Background information
- Birth name: Gavin Dominic Shoesmith
- Origin: Fremantle, Western Australia, Australia
- Genres: Roots
- Occupation(s): Musician, song writer
- Instrument(s): Double bass, bass guitar, singing, harmonica
- Years active: 1994–present

= Gavin Shoesmith =

Gavin Dominic Shoesmith is an Australian singer, songwriter, double bassist and bass guitarist. He was a founding member of the John Butler Trio, from 1998 to 2001. In 2004 he formed a roots music group, the Groovesmiths.

== Biography ==

In the early 1990s Shoesmith was a member of Moustache 750 on double bass, contrabass and acoustic bass guitar. In 1995 he formed Woodcave as a jam band, which later included John Butler on lead vocals and guitar. Shoesmith, Butler and Jason McGann on drums formed John Butler Trio as a roots music and jam band.

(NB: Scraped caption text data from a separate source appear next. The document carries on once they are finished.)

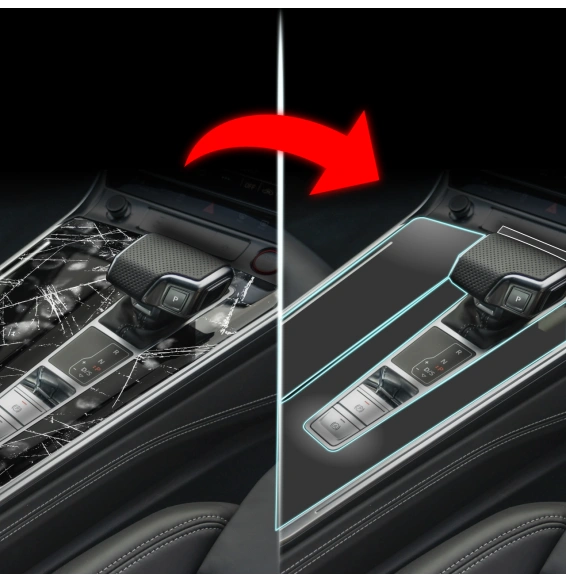 Midtkonsoll beskyttelsesfolie Audi A3 (8Y) Facelift 2024 - 2025 │ Anti-fingerprint PPP Folie Grizz PianoSkin Matte Image 4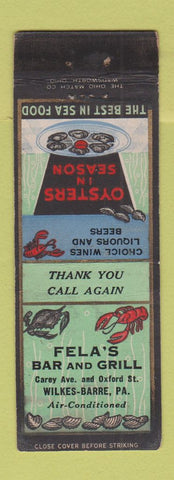Matchbook Cover - Fela's Bar Grill Wilkes Barre PA WEAR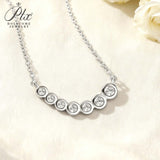 Seven-Round Bezel-Set Necklace with D Color Round Moissanite S925 Plated White Yellow Rose Gold Chain Engagement Chrisrmas Daily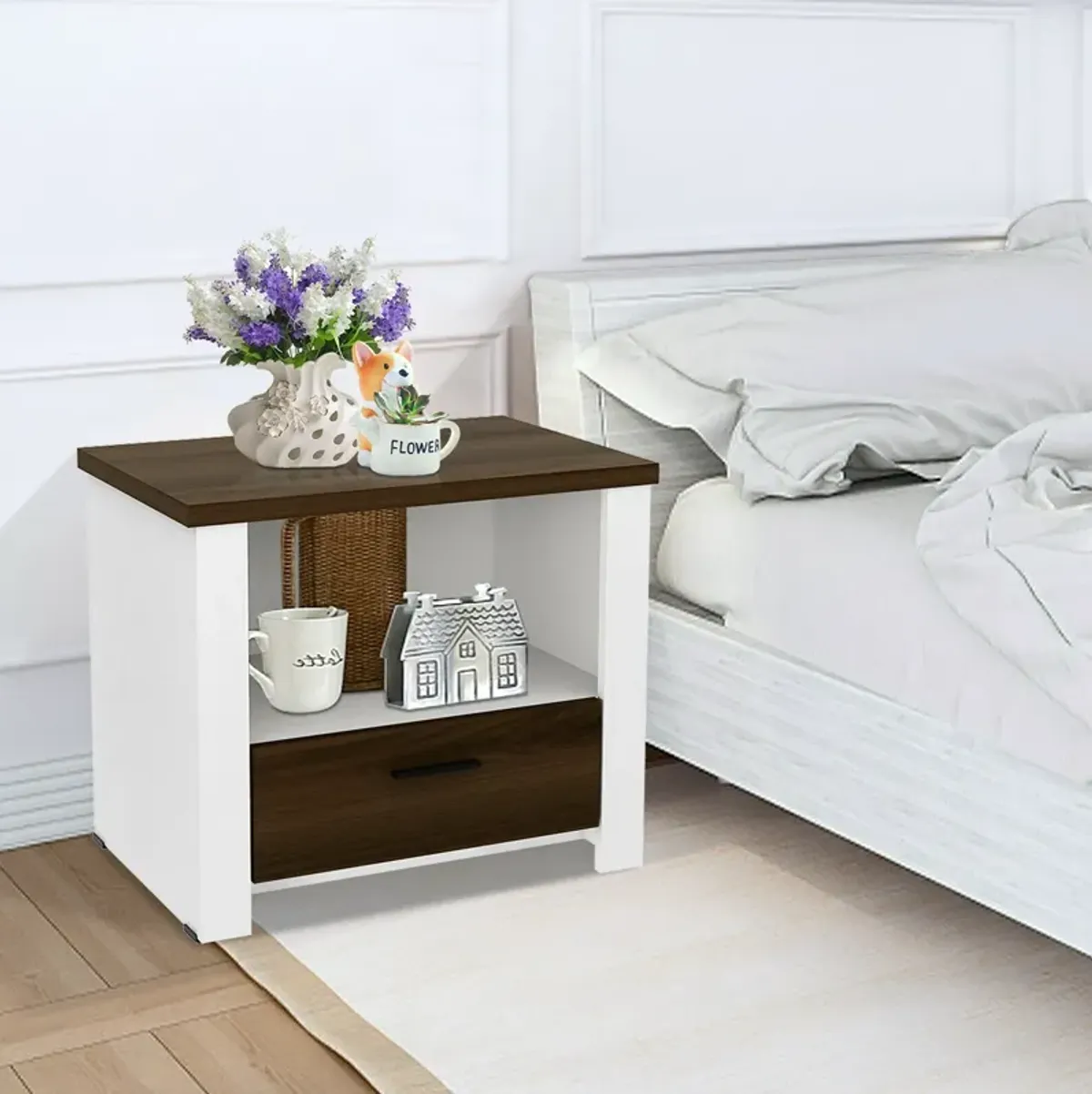 Accent Nightstand with Drawer and Open Shelf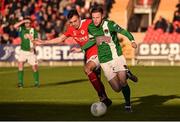 29 April 2016; Kevin O'Connor, Cork City, in action against Mark Timlin, St Patrick's Athletic. SSE Airtricity League Premier Division, Cork City v St Patrick's Athletic. Turners Cross, Cork.  Picture credit: David Maher / SPORTSFILE
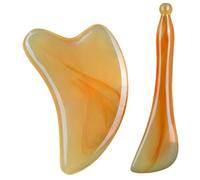 Gua Sha Set, 2PCS Resin Gua Sha Tools for Face and Body, Skin Care Massage Tools with Dual-Color Scraping Board & Acupressure Stick, Día de Pascua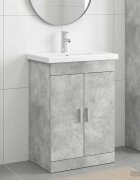 vidaXL Комплект мебели за баня Бетонно сиво 61 x 40 x 845 см
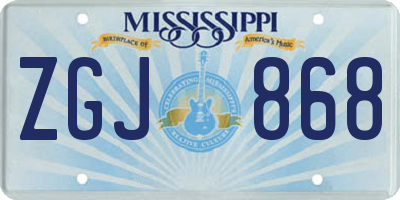 MS license plate ZGJ868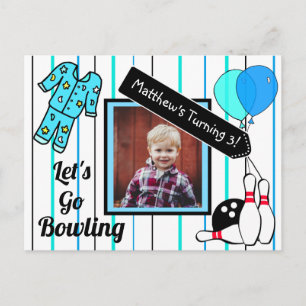 Boy's Bowling Thema Verjaardagsfeestuitnodiging Briefkaart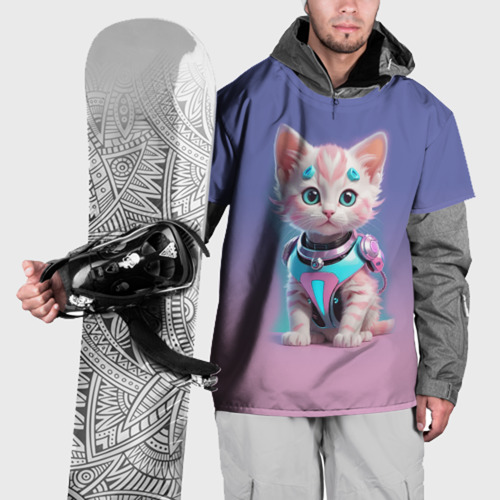 Накидка на куртку 3D Милый котёнок - киберпанк милашка, цвет 3D печать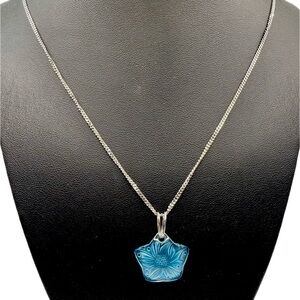 Elegant Lalique Blue Flower Pendant with 925 Silver Necklace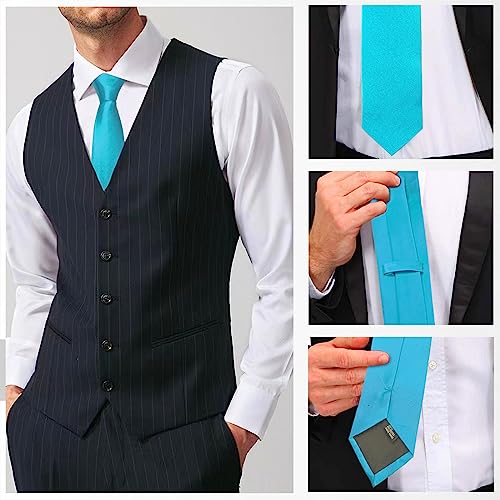 Image of Luckyvestir Mens Tie Solid Satin Neck Ties 3.15'' Formal Necktie for Wedding Business Christmas Father's Valentine's Day Gift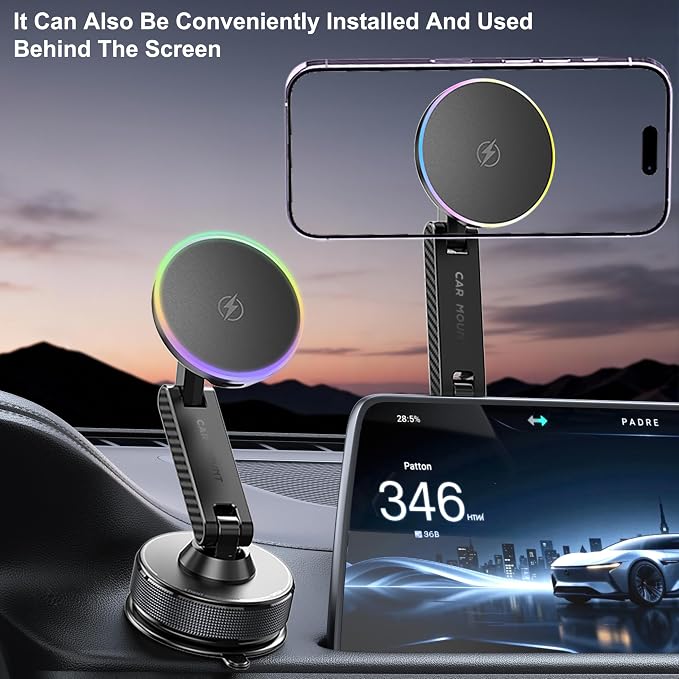 15W Magsafe Car Phone Mount Charger,Vacuum Car Phone Holder Charger,360° Adjustable Magnetic Cell Phone Holders for Car,Wireless Charging Mount for iPhone 17-12 Pro Max Plus Car Accessories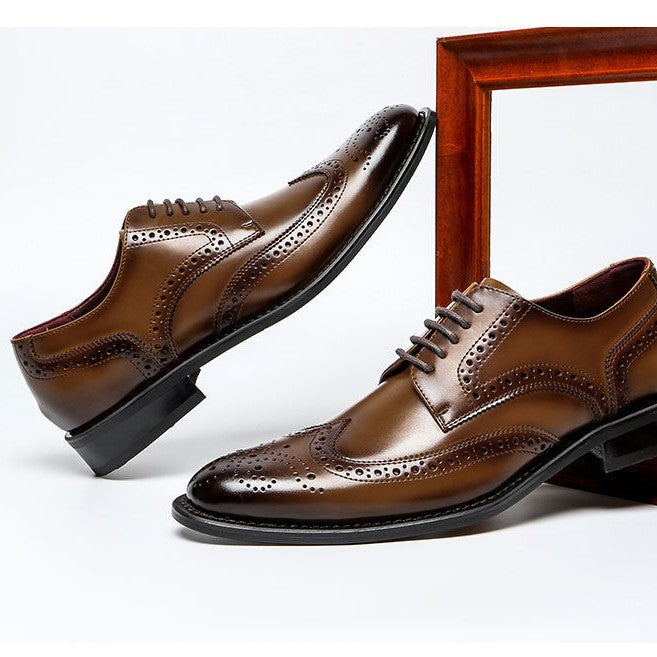 Men's Business Genuine Brogue Cowhide British Style Leather Shoes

In 2001 Shoesmith, on double bass, formed an organic dance music band, Katamaran, based in Darwin. The band included Mark Hoffman on didgeridoo and Grant Smith on percussion. In its one year of existence, Katamaran, released an album, Didge Drum Bass, it sold around 5,000 copies. In 2004 Shoesmith formed the Groovesmiths Nu Jazz Ensemble as a roots music group.